── SUPPLIED RECORDS
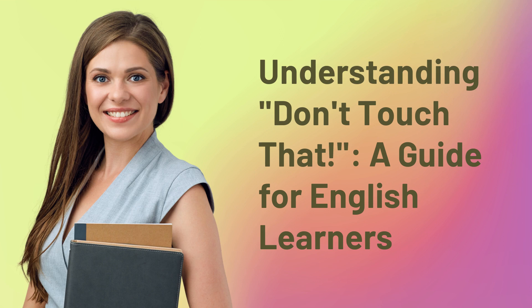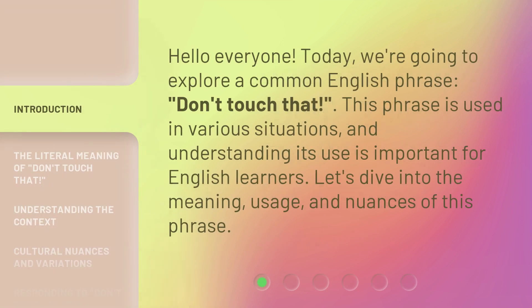Understanding 'don't touch that' — a guide for English learners. Hello everyone, today we're going to explore a common English phrase: 'don't touch that.' This phrase is used in various situations, and understanding its use is important for English learners. Let's dive into the meaning, usage, and nuances of this phrase.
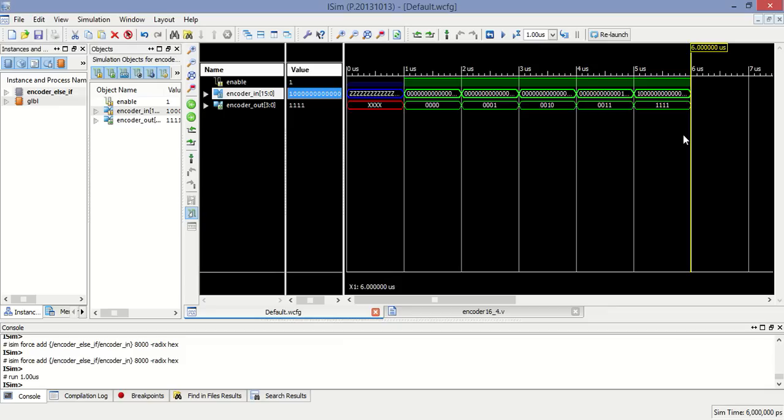So this program will map input to the output and this program will encode the input to the output. Thank you.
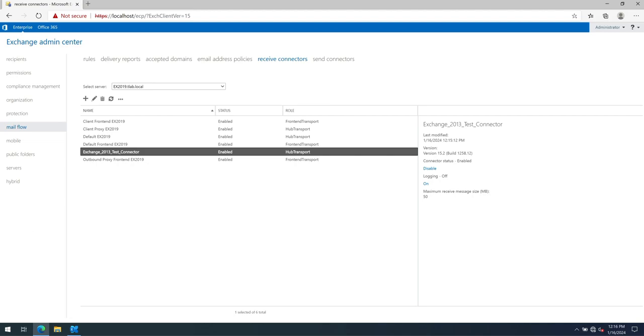But with that being said, we've successfully copied our 2013 connector to 2019. And we will proceed now to the next video where we will update our applications. Thank you very much for watching.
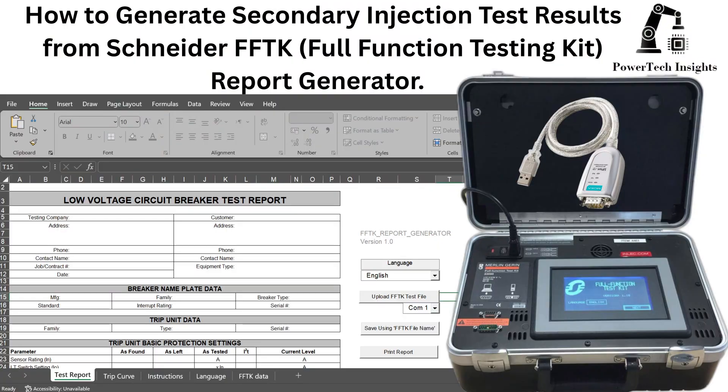Welcome to Powertech Insights. In this tutorial, I'll guide you how to generate secondary injection test results from Schneider FFTK Full Function Testing Kit and FFTK Report Generator. Let's get started.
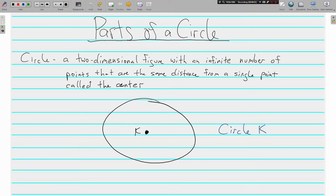Hello, this is Mr. Tipton and today we are learning the parts of a circle. Everybody knows what a circle is — they can draw one or identify it from a list of shapes — but do we actually know what a circle is? A circle is a two-dimensional figure with an infinite number of points that are the same distance from a single point called the center. There are all these points out here on this circle and they are all the same distance from that single point.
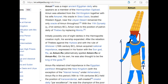In ancient Egypt, you have Amun — a major Egyptian deity who appears as a member of the Hermopolitan Ogdoad. Amun was attested from the Old Kingdom, together with his wife Amunet. With the 11th dynasty, Amun rose to the position of patron deity of Thebes. Initially possibly one of the eight deities in the Hermopolite creation myth, his worship expanded after the rebellion of Thebes against the Hyksos. With the rule of Amosis I, Amun acquired national importance, expressed in his fusion with the sun god Ra as Amun-Ra — thought to be the king of gods. This entity is depicted with a bluish skin color.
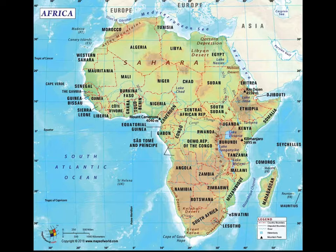It consists of over 50 different countries that speak over a thousand different languages, with a vast range of different climates across the various regions as well, from the expansive Sahara Desert in the north to the dense jungles of Central Africa, and the grassy savanna in the south.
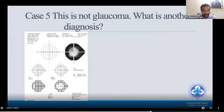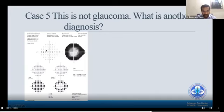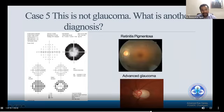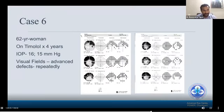Last case: this is not a case of glaucoma — what is the diagnosis? There is peripheral field loss with the central part spared. This pattern can be seen in retinitis pigmentosa or advanced glaucoma.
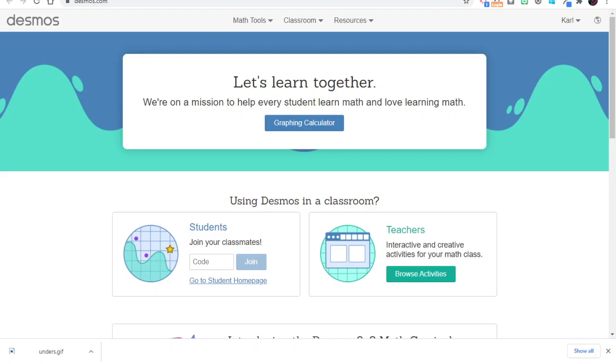Let's take a look at embedding a graphing calculator into a student activity. I'm going to start off at desmos.com and instead of going to the student section or the teacher section, I'm going to open up the old school graphing calculator.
────
Leave out the pictures and repeat the lines from the start of the material through the line with "Hello, this is", inclusive.

## SOLUTION TO THIS TASK
Understanding 'don't touch that' — a guide for English learners. Hello everyone, today we're going to explore a common English phrase: 'don't touch that.' This phrase is used in various situations, and understanding its use is important for English learners. Let's dive into the meaning, usage, and nuances of this phrase.
So this program will map input to the output and this program will encode the input to the output. Thank you.
But with that being said, we've successfully copied our 2013 connector to 2019. And we will proceed now to the next video where we will update our applications. Thank you very much for watching.
Welcome to Powertech Insights. In this tutorial, I'll guide you how to generate secondary injection test results from Schneider FFTK Full Function Testing Kit and FFTK Report Generator. Let's get started.
Hello, this is Mr. Tipton and today we are learning the parts of a circle. Everybody knows what a circle is — they can draw one or identify it from a list of shapes — but do we actually know what a circle is? A circle is a two-dimensional figure with an infinite number of points that are the same distance from a single point called the center. There are all these points out here on this circle and they are all the same distance from that single point.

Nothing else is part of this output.